A medical history helps doctors identify conditions that can mimic BPH, examples include:
- Urethral stricture. Strictures can result from urethral damage caused by trauma, catheter insertion, or an infection such as gonorrhea and chlamydia.
- Bladder cancer, bladder stones, or bladder infection. A history of blood in the urine suggests bladder cancer, whereas pain in the penis or bladder area may indicate bladder stones or infection.
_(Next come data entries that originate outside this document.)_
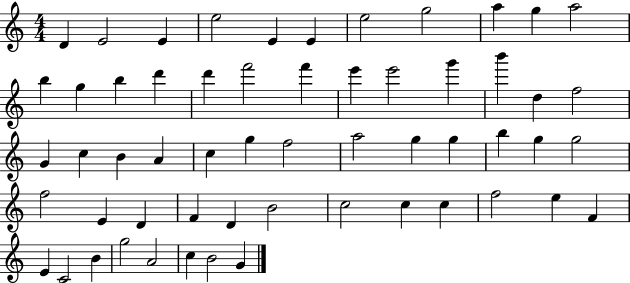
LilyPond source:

{
  \clef treble
  \numericTimeSignature
  \time 4/4
  \key c \major
  d'4 e'2 e'4 | e''2 e'4 e'4 | e''2 g''2 | a''4 g''4 a''2 | \break b''4 g''4 b''4 d'''4 | d'''4 f'''2 f'''4 | e'''4 e'''2 g'''4 | b'''4 d''4 f''2 | \break g'4 c''4 b'4 a'4 | c''4 g''4 f''2 | a''2 g''4 g''4 | b''4 g''4 g''2 | \break f''2 e'4 d'4 | f'4 d'4 b'2 | c''2 c''4 c''4 | f''2 e''4 f'4 | \break e'4 c'2 b'4 | g''2 a'2 | c''4 b'2 g'4 | \bar "|."
}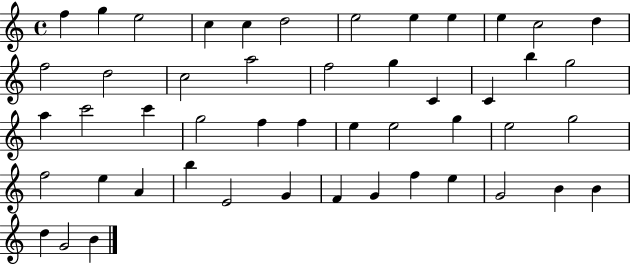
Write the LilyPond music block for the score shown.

{
  \clef treble
  \time 4/4
  \defaultTimeSignature
  \key c \major
  f''4 g''4 e''2 | c''4 c''4 d''2 | e''2 e''4 e''4 | e''4 c''2 d''4 | \break f''2 d''2 | c''2 a''2 | f''2 g''4 c'4 | c'4 b''4 g''2 | \break a''4 c'''2 c'''4 | g''2 f''4 f''4 | e''4 e''2 g''4 | e''2 g''2 | \break f''2 e''4 a'4 | b''4 e'2 g'4 | f'4 g'4 f''4 e''4 | g'2 b'4 b'4 | \break d''4 g'2 b'4 | \bar "|."
}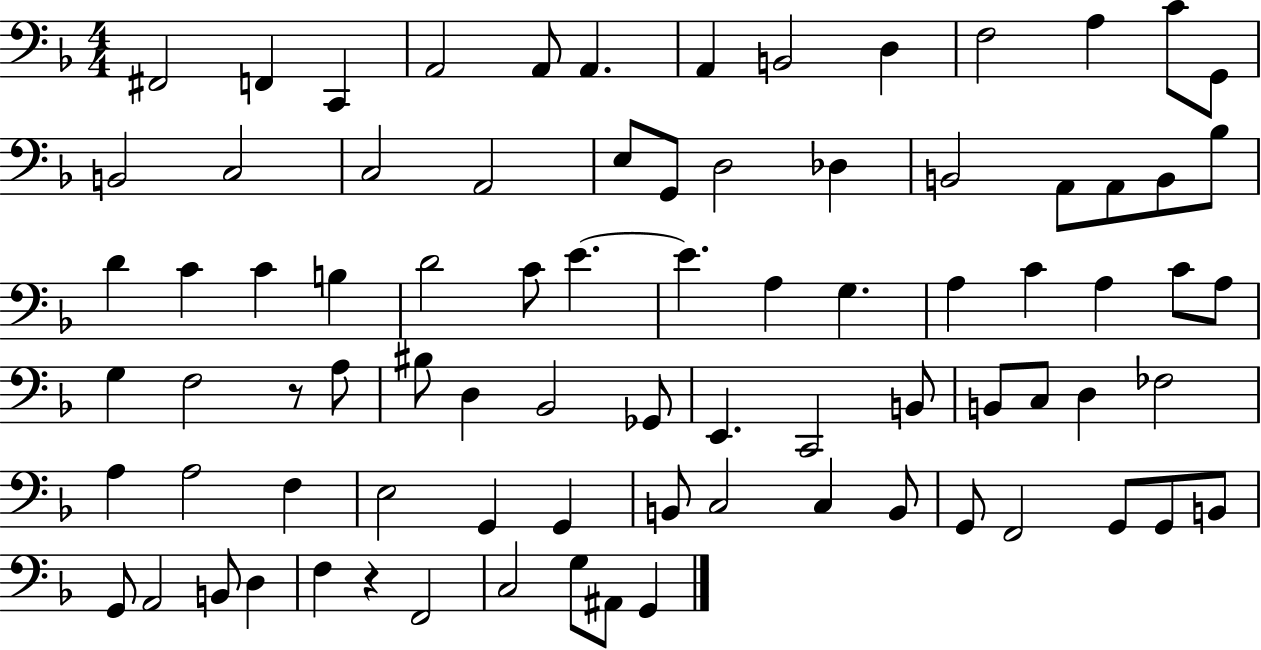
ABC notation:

X:1
T:Untitled
M:4/4
L:1/4
K:F
^F,,2 F,, C,, A,,2 A,,/2 A,, A,, B,,2 D, F,2 A, C/2 G,,/2 B,,2 C,2 C,2 A,,2 E,/2 G,,/2 D,2 _D, B,,2 A,,/2 A,,/2 B,,/2 _B,/2 D C C B, D2 C/2 E E A, G, A, C A, C/2 A,/2 G, F,2 z/2 A,/2 ^B,/2 D, _B,,2 _G,,/2 E,, C,,2 B,,/2 B,,/2 C,/2 D, _F,2 A, A,2 F, E,2 G,, G,, B,,/2 C,2 C, B,,/2 G,,/2 F,,2 G,,/2 G,,/2 B,,/2 G,,/2 A,,2 B,,/2 D, F, z F,,2 C,2 G,/2 ^A,,/2 G,,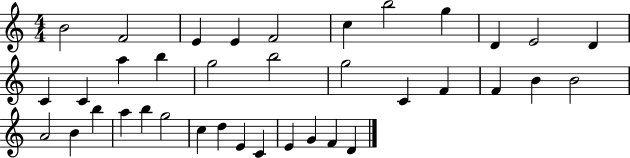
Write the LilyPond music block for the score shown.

{
  \clef treble
  \numericTimeSignature
  \time 4/4
  \key c \major
  b'2 f'2 | e'4 e'4 f'2 | c''4 b''2 g''4 | d'4 e'2 d'4 | \break c'4 c'4 a''4 b''4 | g''2 b''2 | g''2 c'4 f'4 | f'4 b'4 b'2 | \break a'2 b'4 b''4 | a''4 b''4 g''2 | c''4 d''4 e'4 c'4 | e'4 g'4 f'4 d'4 | \break \bar "|."
}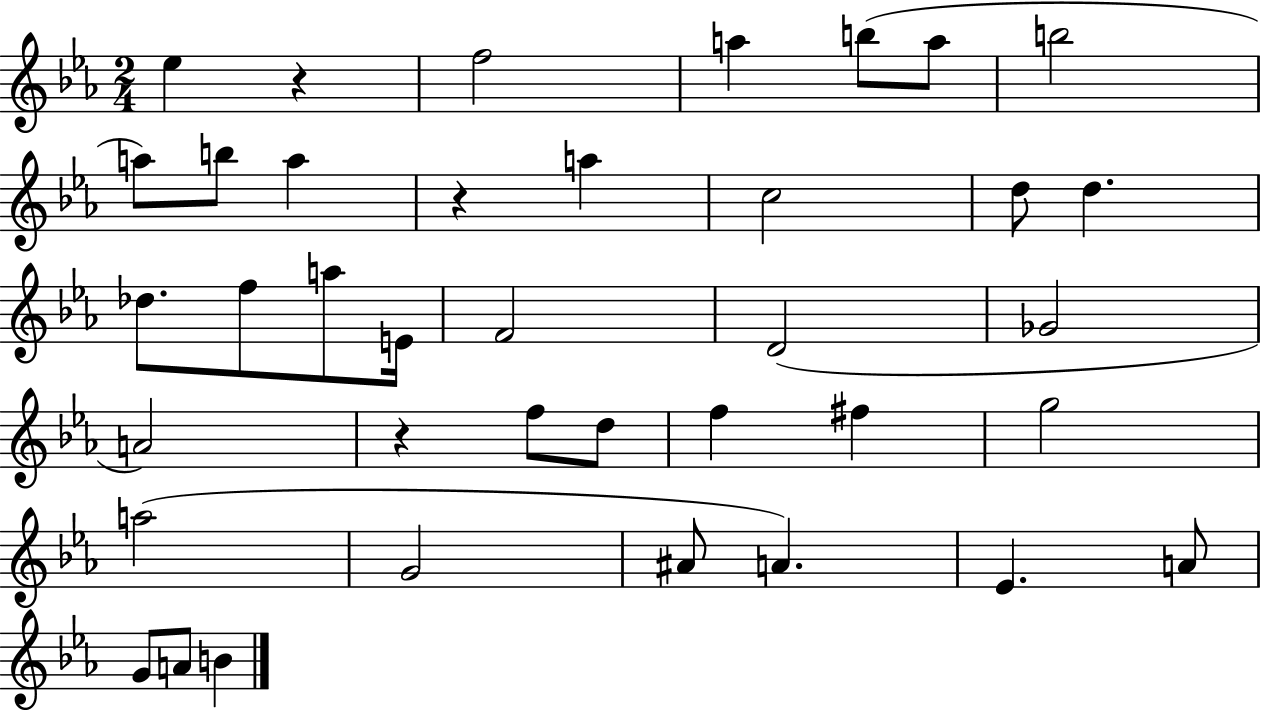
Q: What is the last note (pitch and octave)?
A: B4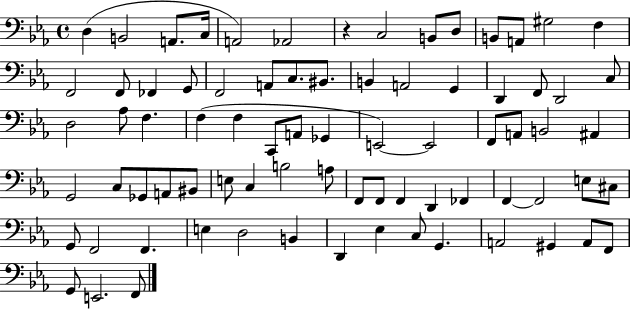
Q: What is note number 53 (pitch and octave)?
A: F2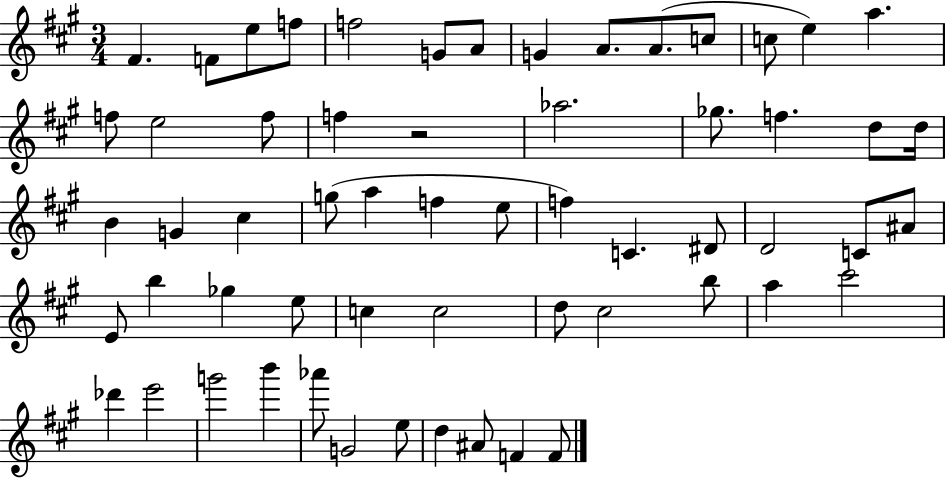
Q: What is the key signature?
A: A major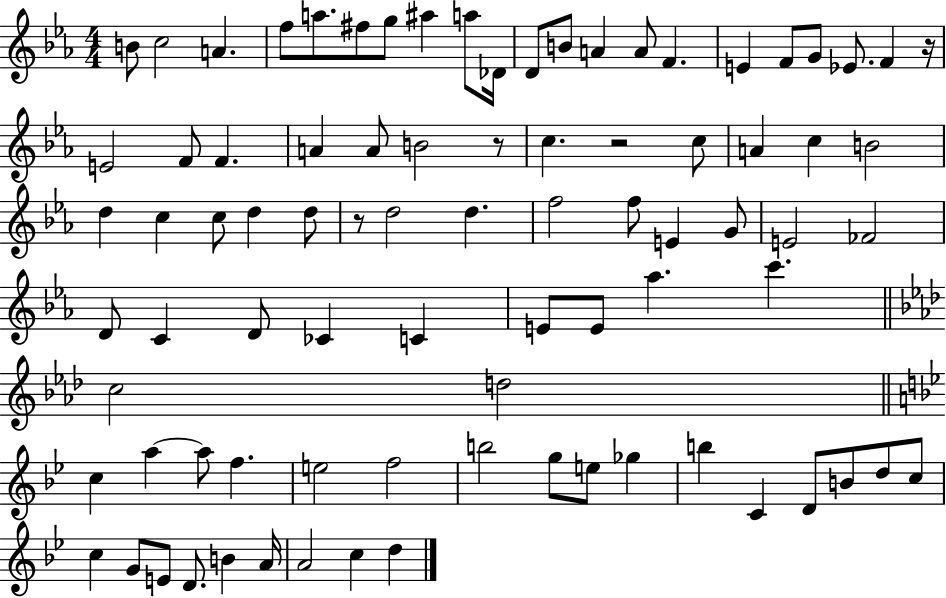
B4/e C5/h A4/q. F5/e A5/e. F#5/e G5/e A#5/q A5/e Db4/s D4/e B4/e A4/q A4/e F4/q. E4/q F4/e G4/e Eb4/e. F4/q R/s E4/h F4/e F4/q. A4/q A4/e B4/h R/e C5/q. R/h C5/e A4/q C5/q B4/h D5/q C5/q C5/e D5/q D5/e R/e D5/h D5/q. F5/h F5/e E4/q G4/e E4/h FES4/h D4/e C4/q D4/e CES4/q C4/q E4/e E4/e Ab5/q. C6/q. C5/h D5/h C5/q A5/q A5/e F5/q. E5/h F5/h B5/h G5/e E5/e Gb5/q B5/q C4/q D4/e B4/e D5/e C5/e C5/q G4/e E4/e D4/e. B4/q A4/s A4/h C5/q D5/q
- Neurogenic bladder (problems with holding or emptying urine due to a neurological disorder). Neurogenic bladder is a possible diagnosis if a man has diabetes or a neurological disease such as multiple sclerosis, Parkinson’s disease, or stroke, or if he has experienced a recent deterioration in sexual function.
- Overactive bladder. Another condition that can sometimes be confused with BPH is overactive bladder (OAB). The most common OAB symptom is a sudden strong urge to urinate that can’t be ignored.
A thorough medical history includes questions about previous urinary tract infections and prostatitis. The doctor will also ask about the use of over-the-counter and prescription medications (particularly cold or sinus medications), nutritional supplements, and herbal remedies. Some of these products can either worsen or improve symptoms of BPH.